ABOUT THIS EXERCISE: Quote the data below in full, minus the images.

DATA EXCERPT:
● ● ● ● ●

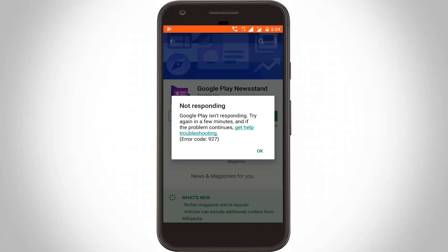Hello guys and welcome to Theta Box. Today I tried to update an application via my Google Play Store. Unfortunately it shows error code 927, and it shows Google Play is not responding. How to fix this error in your Android mobile?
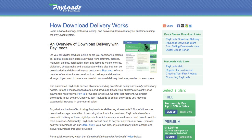In this video, we're going to take a look at download delivery with Payloads.com. Payloads.com offers a fully automated, secure download delivery solution that protects and delivers your files after purchases.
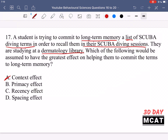Between the primacy and recency effects: the primacy effect is more relevant for long-term memory because items at the beginning of a list are stored longer in memory. The recency effect relates more to short-term memory — you're just remembering the most recent item on the list, which doesn't have as much time to be integrated into long-term memory.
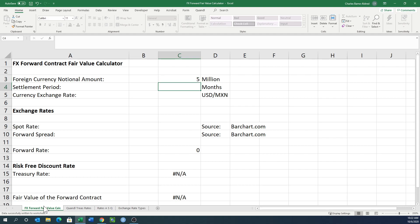What's our settlement period? You can do a year, 6 months, 8 months. You have that flexibility, all the way up to 60 months with this calculator. Let's just do a 6-month settlement period.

● ● ● ● ●

EXERCISE SOLUTION:
Hello guys and welcome to Theta Box. Today I tried to update an application via my Google Play Store. Unfortunately it shows error code 927, and it shows Google Play is not responding. How to fix this error in your Android mobile?
In this video, we're going to take a look at download delivery with Payloads.com. Payloads.com offers a fully automated, secure download delivery solution that protects and delivers your files after purchases.
Between the primacy and recency effects: the primacy effect is more relevant for long-term memory because items at the beginning of a list are stored longer in memory. The recency effect relates more to short-term memory — you're just remembering the most recent item on the list, which doesn't have as much time to be integrated into long-term memory.
What's our settlement period? You can do a year, 6 months, 8 months. You have that flexibility, all the way up to 60 months with this calculator. Let's just do a 6-month settlement period.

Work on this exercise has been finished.